DIALOGHI TRA CITTÀ E CARCERE
Nella settimana precedente il Natale per tre volte la comunità esterna ha valicato le mura di Canton Mombello, creando tre insolite occasioni di dialogo con la comunità carceraria, rappresentata sia dalle persone detenute sia dalle donne e dagli uomini che in essa svolgono quotidianamente il proprio lavoro. Nella prima, un noto leader di un partito politico, diciamo poco propenso all’inclusione degli stranieri, ospite di un sindacato di polizia penitenziaria, si è intrattenuto con alcuni astanti su temi inerenti la gestione del sistema carcerario. Ne sono scaturiti concetti di marcata intransigenza verso i detenuti stranieri, spesso sconfinati in palese ostilità verso gli stessi. Nella seconda alcuni bambini di una scuola primaria e ragazzi di una secondaria di primo grado, stimolati dalla Garante dei detenuti e dai loro docenti, hanno scritto biglietti di auguri per le persone recluse nei due istituti penali bresciani, esprimendo i loro sentimenti di auguri per le imminenti festività e dando vita a una comunicazione vivace ed edificante, naturalmente comprensiva anche degli stranieri, sia fra i mittenti sia fra i destinatari, e anche per questo, di significativo valore aggiunto. Nella terza un detenuto mussulmano ha chiesto al Vescovo di Brescia, prima della messa natalizia in carcere, di pregare insieme a lui e agli altri detenuti, italiani e stranieri, per le persone in difficoltà in questo nostro mondo.

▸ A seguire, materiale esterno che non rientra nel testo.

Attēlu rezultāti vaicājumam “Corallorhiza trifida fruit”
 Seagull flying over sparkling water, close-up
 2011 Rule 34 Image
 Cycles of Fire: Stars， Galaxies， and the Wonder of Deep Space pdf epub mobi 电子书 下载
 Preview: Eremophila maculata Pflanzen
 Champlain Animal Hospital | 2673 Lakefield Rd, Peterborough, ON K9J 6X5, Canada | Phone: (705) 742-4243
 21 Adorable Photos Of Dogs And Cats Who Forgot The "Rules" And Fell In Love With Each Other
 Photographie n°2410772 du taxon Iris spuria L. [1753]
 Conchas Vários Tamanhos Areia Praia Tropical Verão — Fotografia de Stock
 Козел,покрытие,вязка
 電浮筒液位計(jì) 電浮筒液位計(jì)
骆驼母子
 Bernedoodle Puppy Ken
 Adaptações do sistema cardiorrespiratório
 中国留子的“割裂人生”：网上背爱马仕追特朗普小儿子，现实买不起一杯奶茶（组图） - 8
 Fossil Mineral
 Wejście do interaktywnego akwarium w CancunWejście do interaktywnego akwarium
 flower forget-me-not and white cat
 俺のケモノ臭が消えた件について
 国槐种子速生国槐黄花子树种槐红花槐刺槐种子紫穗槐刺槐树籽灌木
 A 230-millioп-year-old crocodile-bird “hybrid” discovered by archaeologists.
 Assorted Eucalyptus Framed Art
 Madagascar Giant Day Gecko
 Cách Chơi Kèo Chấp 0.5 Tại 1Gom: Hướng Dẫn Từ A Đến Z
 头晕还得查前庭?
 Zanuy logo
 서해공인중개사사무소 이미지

Il Vescovo ha risposto accettando l’invito. E tutti i presenti hanno levato al cielo le loro suppliche di pace. Tre modi diversi di avvicinare la comunità carceraria; il primo accentua e rimarca le differenze, mentre gli altri due evidenziano i punti di contatto. Tre modi diversi anche di affrontare un problema esistente e concreto, quello delle persone straniere recluse, portatrici di culture e fedi differenti. Un tema particolarmente sentito in un carcere come il «Fischione» (l’ex Canton Mombello) dove la presenza degli stranieri è storicamente consistente e dove i problemi della convivenza si sono più volte appalesati; ma sono proprio tali episodi, gestiti soprattutto grazie alla primazia della legalità, riconosciuta e quotidianamente declinata, nel rispetto della nostra Costituzione, da molti operatori penitenziari, che dimostrano come la strada da percorrere sia quella dell’inclusione e del dialogo e non quella della segregazione e della ostilità. Tendo a pensare che anche il Bambin Gesù, nato straniero in terra straniera, concorderebbe.